LE SON DE LA VOIX ET LES ARTS DE LA PAROLE

Sémiotique du jeu et de la voix de l'acteur
Jiří Veltrusky 1976

29 novembre et 6 décembre 2018

Jiří Veltrusky, A contribution to the semiotics of acting [1976], in David Drozd, Tomas Kacer and Don Sparling, Eds., Theatre Theory Reader. Prague School Writings, Prague, Karolinum Press, 2016, pp.376–424.

Jiří Veltrusky, Dramatic text as a component of theatre [1976], in David Drozd, Tomas Kacer and Don Sparling, Eds., Theatre Theory Reader. Prague School Writings, Prague, Karolinum Press, 2016, pp.247–267.

Ces deux chapitres se complètent, analysant chacun l'un des systèmes sémiotiques entrant comme composants de la sémiose multimodale qu'est la performance (le spectacle).

La figure scénique est ce que le comédien produit sur scène; le personnage est ce qui est donné à voir et à entendre au spectateur. La figure scénique est le signifiant (signans); le personnage est le signifié (signatum).
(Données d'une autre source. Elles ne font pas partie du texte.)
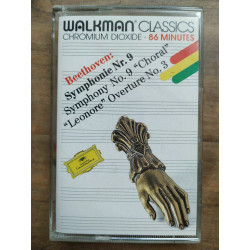 Beethoven Symphonie No 9 - Karl Bohm Cassette Audio-K7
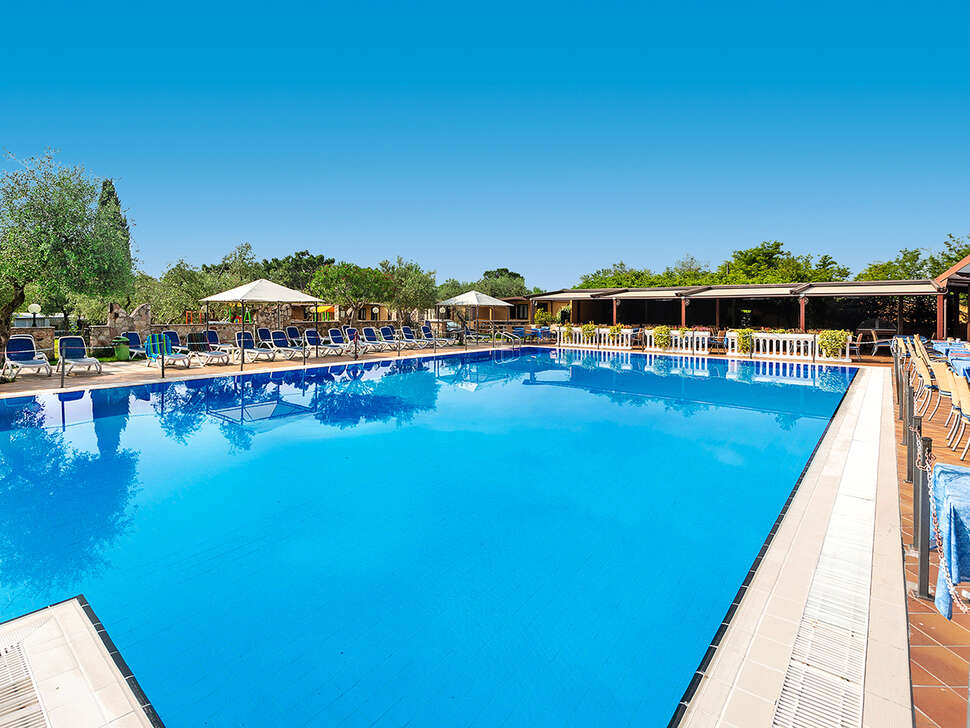Een foto van Hotel Regina Del Garda Suite
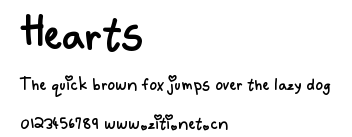 Hearts.ttf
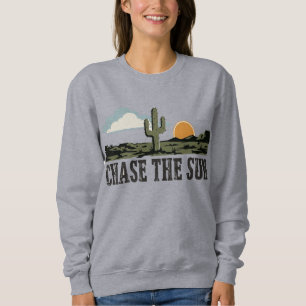 Jag die Sonne Sweatshirt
Dans une figure scénique donnée se superposent plusieurs types de signes. Dans le costume des Zannis ['dzanni], par exemple, les valets dans la commedia dell'arte, les indices qui sont par convention en contiguïté (codified contiguity) avec le personnage qui porte un costume donné viennent s'ajouter à la valeur iconique du costume qui désigne le personnage par ressemblance. «La similarité [le costume comme icône] est ici supplantée par la contiguité codifiée [le costume comme index ou indice]», dit Veltrusky (p.391), similarity is superseded by codified contiguity. Ce qui compte dans ces costumes n'est pas que le costume désigne par ressemblance le personnage, mais plutôt que les détails indiciels dont il est orné indiquent la fonction spécifique que le porteur exerce tout au long du spectacle. Brighella par exemple, toujours habillé de vert et blanc avec un masque noir ou olive sur le visage, porte une bourse et un poignard à sa ceinture. Ces indices pointent sa fonction de personnage rusé et manipulateur qui fera rebondir l'intrigue. Le costume d'Arlequin est fait de losanges multicolores. Ils sont les indices de sa fonction scénique qui est de maintenir le rythme de l'action par toutes sortes de pirouettes inconséquentes (pp.391–392).
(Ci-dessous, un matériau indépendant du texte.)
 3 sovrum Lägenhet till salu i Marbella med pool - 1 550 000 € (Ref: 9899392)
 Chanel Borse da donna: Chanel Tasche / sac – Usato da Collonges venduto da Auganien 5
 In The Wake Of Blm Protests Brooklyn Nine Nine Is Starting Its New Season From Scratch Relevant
L'emploi par Veltrusky des concepts de similarité et de contiguïté est inspiré de Peirce. L'indice selon Peirce est en relation de contiguïté existentielle ou factuelle avec l'objet qu'il désigne. Mais les conventions théâtrales créent un nouveau type d'indices qui sont par convention en «contiguïté codifiée» avec l'objet qu'ils désignent, comme ci-dessus les losanges multicolores avec la fonction scénique de bouffon. Ce qui caractérise le jeu de l'acteur comme système sémiotique, c'est, si l'on veut bien excuser cet anachronisme, la multimodalité, ou comme dit Veltrusky (p.393), c'est que le jeu de l'acteur (acting), «en combinant les signes empruntés à tous les autres systèmes sémiotiques qu'il met en œuvre, opère une fertilisation croisée de leurs modes de sémiose respectifs», by combining the signs borrowed from all the other systems it "cross-fertilizes" their respective modes of semiosis, so to speak.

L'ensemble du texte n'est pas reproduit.